Wednesday, July 22, 2015

Contractual Obligations

I got a raise this year. It was almost eight and a half percent over last year. That is what my union bargained for me, and there is still a possibility of a bump to take that all the way up to fourteen percent. Heading into my nineteenth year of teaching, it's nice to know that I will finally be paid a comfortable wage. I stopped just short from calling it a "living wage" or "paid what I am worth." This is because it has been a long time since I lived hand to mouth, in spite of my dining habits. It also puts a great big question mark on just what a public school teacher's effort is worth.
I say this because, after some very intense negotiations on the part of Demaryius Thomas, he will go into his sixth year playing professional football with a five year contract that will pay him seventy million dollars. He will be making substantially more than I or any other public school teacher will. He will be making more than twelve million dollars this year for catching footballs thrown to him by a guy who just recently took a pay cut, Peyton Manning. Keeping in mind, as wags do so often when they bat around teacher salaries, that this is a part-time gig. Demaryius has already missed his team's off-season conditioning program. The end of July is when training camp starts, and not long after that, preseason games and then the long march to the ever-elusive Lombardi Trophy.
It should be noted that the contract that Mister Thomas singed guarantees him forty-three million dollars. If he gets injured, or falls down on the way to the stadium and can't catch footballs anymore, the gets to keep forty-three million dollars. To make all of that seventy million, he's got to keep showing up on autumn Sundays and catching footballs, even if they aren't being thrown by Peyton Manning, for the next five years.
Wait a second. He doesn't even have to catch those footballs. He isn't being held to some standard, either objective or subjective. Yes, he will have to learn his playbook and abide by the NFL's rules on and off the field, but if he just forgets how to catch footballs, he will still make more money in the next five years than a whole elementary school full of teachers.

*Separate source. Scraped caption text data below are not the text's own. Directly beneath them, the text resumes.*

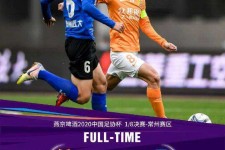 无锡包罗泰州外围伴游雇用的留言的词条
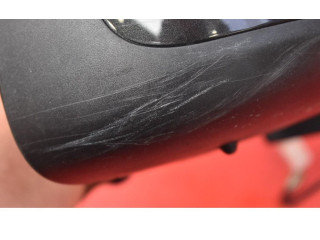 Зеркало электрическое        Dacia Logan Pick-Up  2005 -  года   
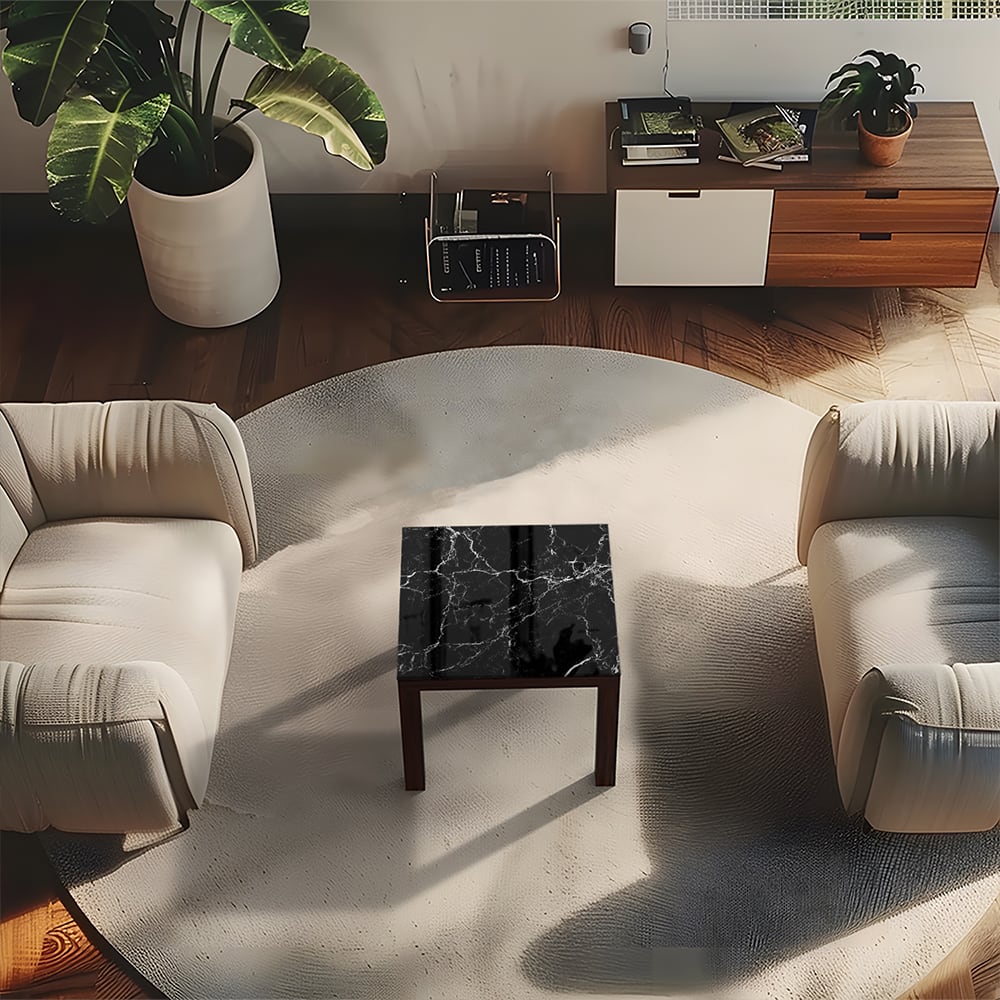 IL_BLACK_55x55_225042879, IL_BLACK_55x55_225042879, IL_BLACK_55x55_225042879, IL_BLACK_55x55_225042879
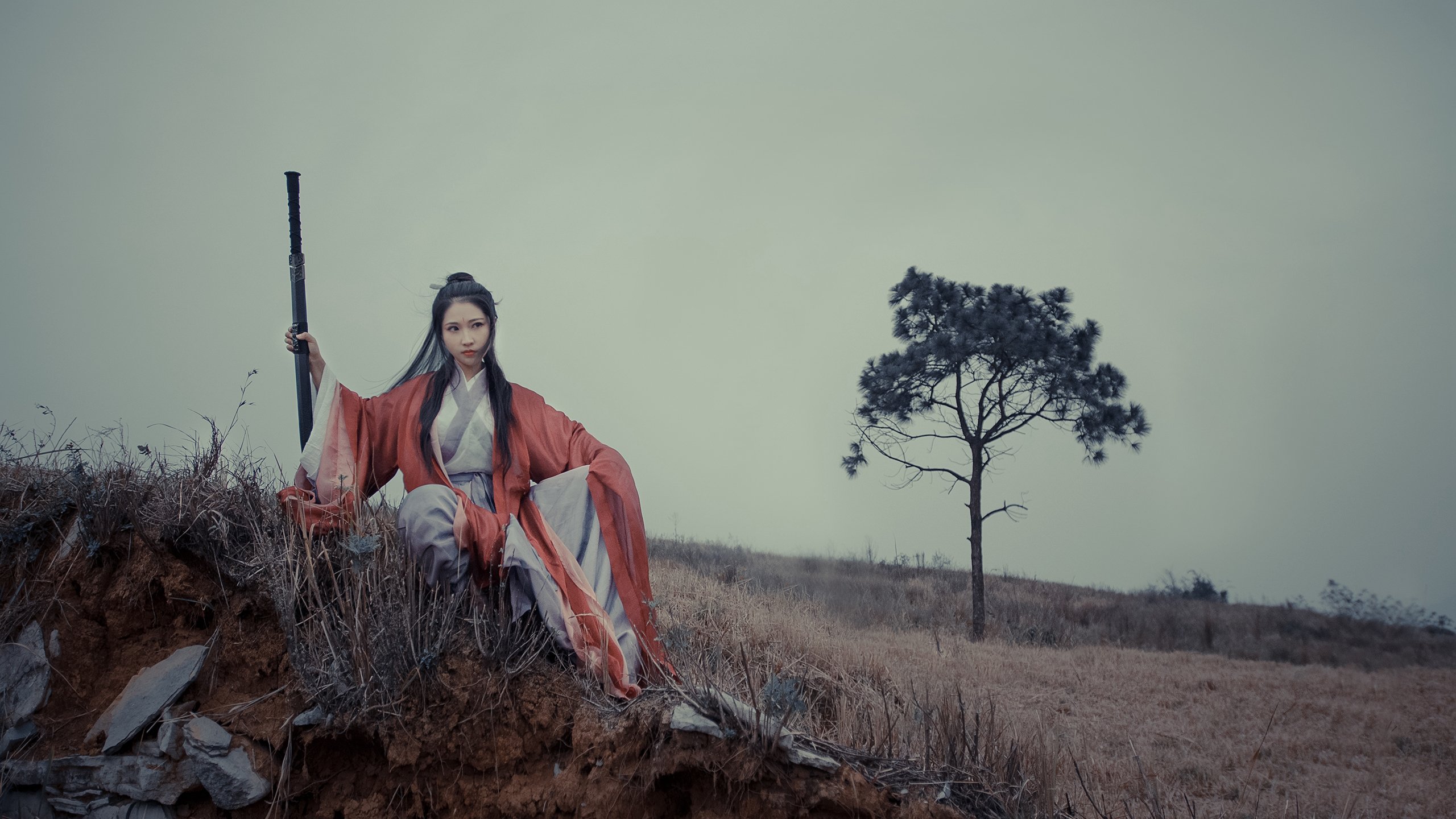 黄喜灿爆发,西班牙轻取阿尔及利亚,足球世界的冰火两重天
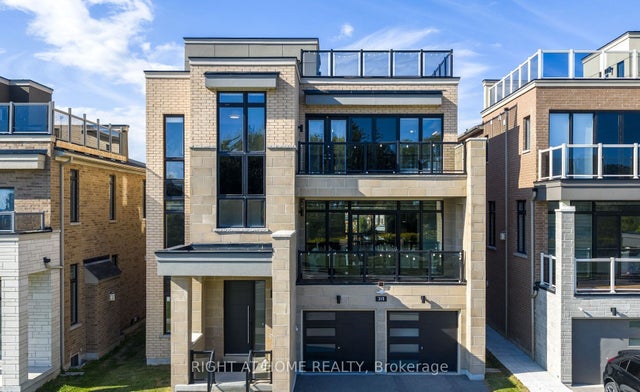 215 Port Darlington Road, Clarington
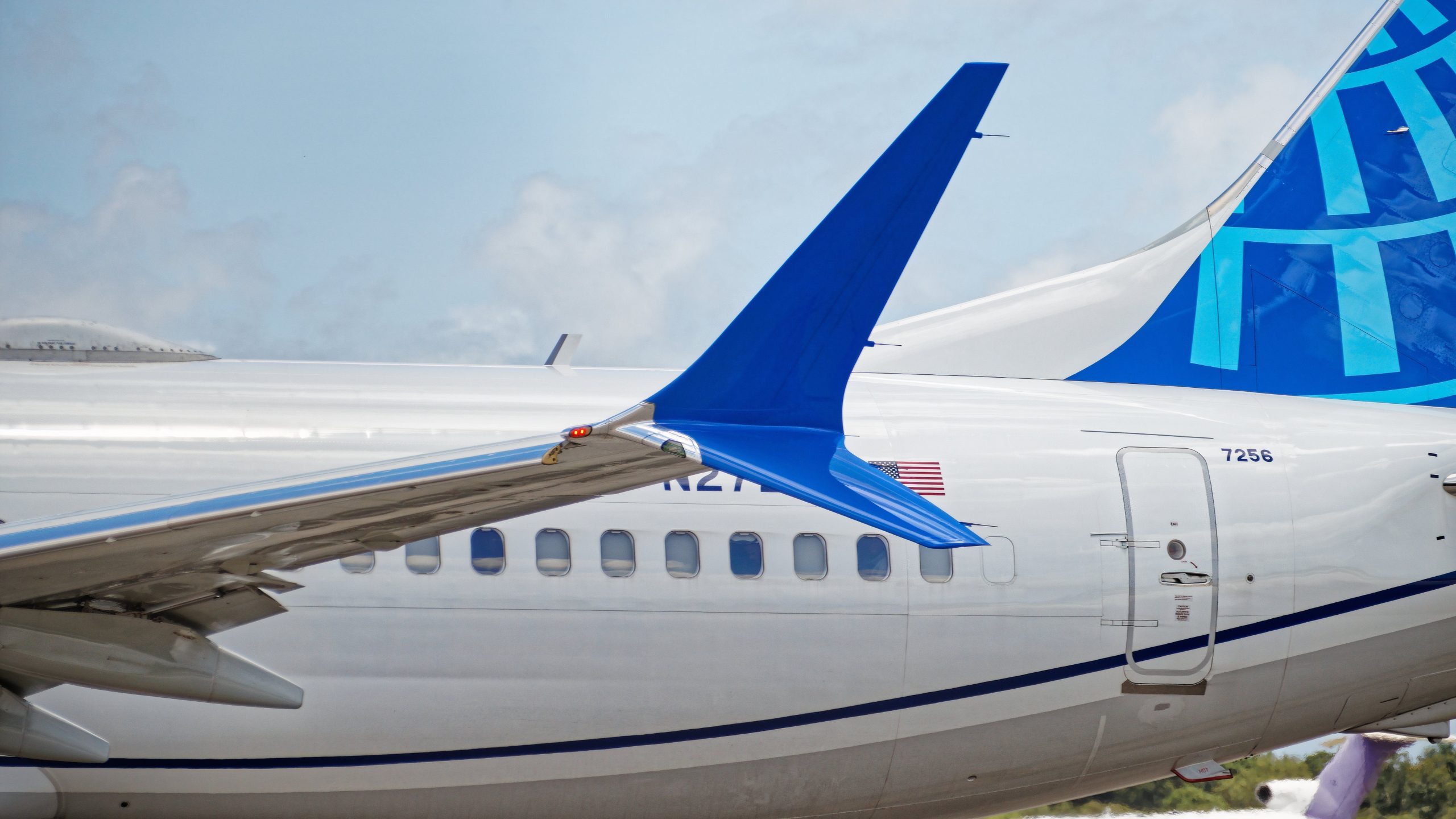 Bis zu 47%: Die 10 US 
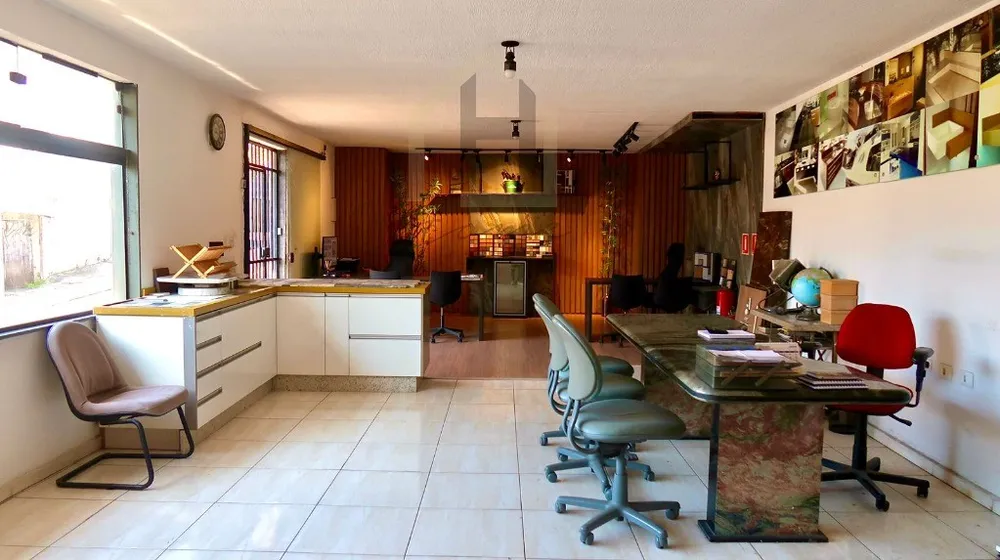 Casa, 3 quartos, 650 m² - Foto 12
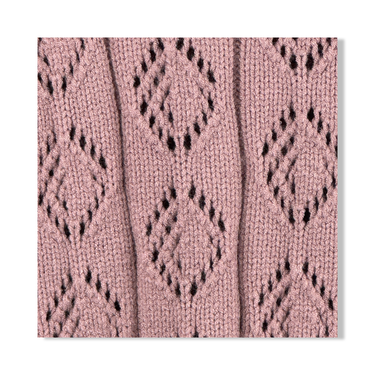 Heartloom Self Tie Button Down Cardigan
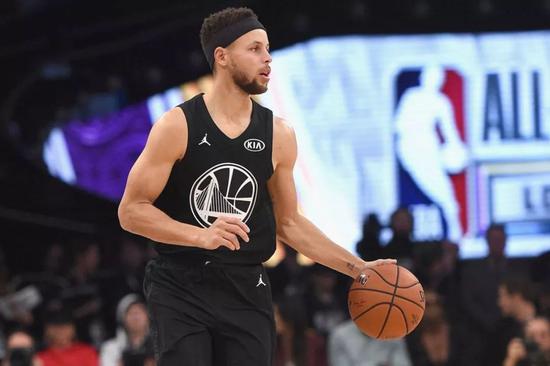 王励勤的对 王励勤的对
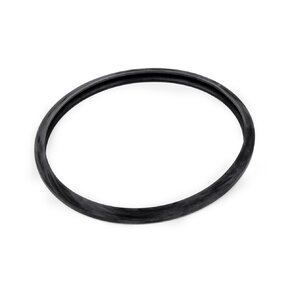 Tesnenie k tlak. hrncu Genius 4 l 110337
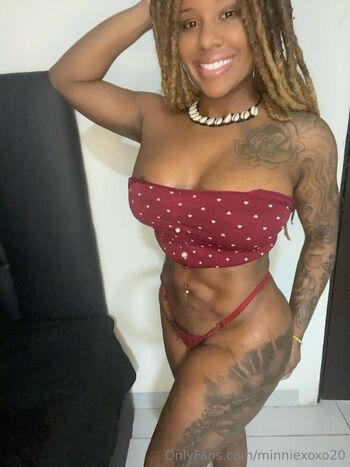 minniexoxo20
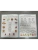 Импортировано из Wildberries Импортировано из Wildberries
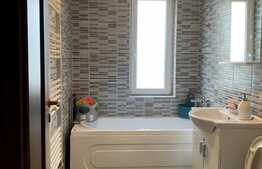 Apartament 3 camere, 80 mp utili, imobil nou, loc de parcare, in Giroc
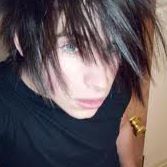 Chester Daniels Photo 3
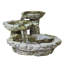 Fountain-1271202445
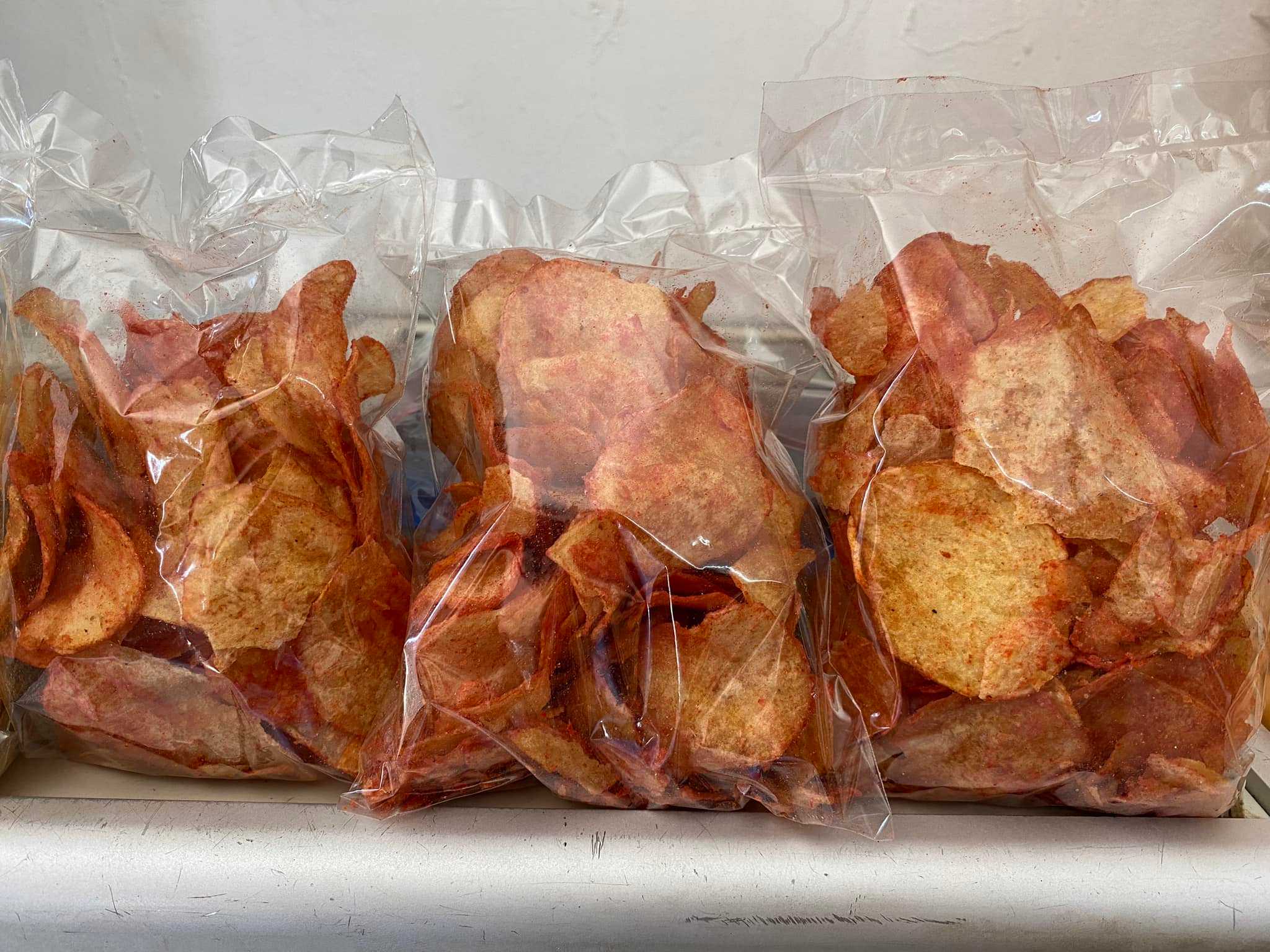 Adobadas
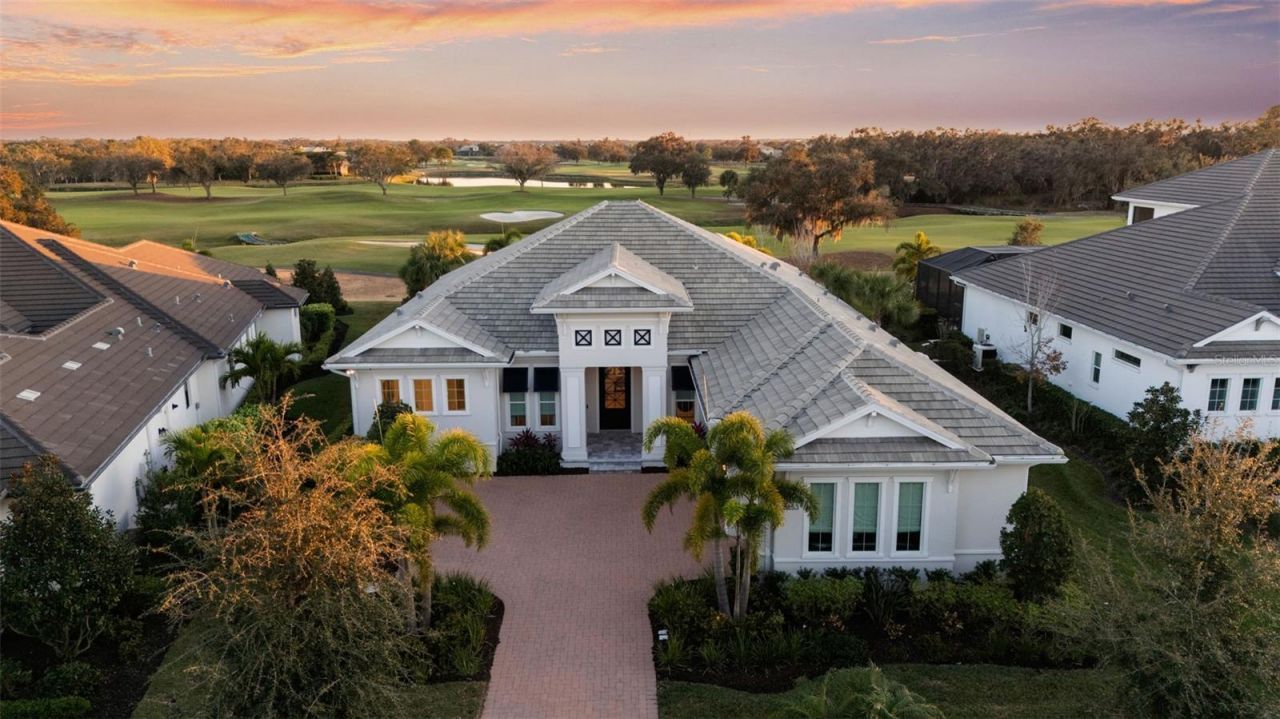 8853 Colonels Court, Sarasota, FL 34240 Photo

I understand that it's just a game, and if I had devoted my life to something other than educating urban youth, I might be sitting pretty right now, looking at my playing days in the rearview mirror. Counting those Benjamins. Does this mean that I'm swearing off professional football? Is the whole vague reality surrounding what we, as a society value going to spoil my school year or football season?
Probably not. Just file this one under "that's kind of interesting." With a sigh.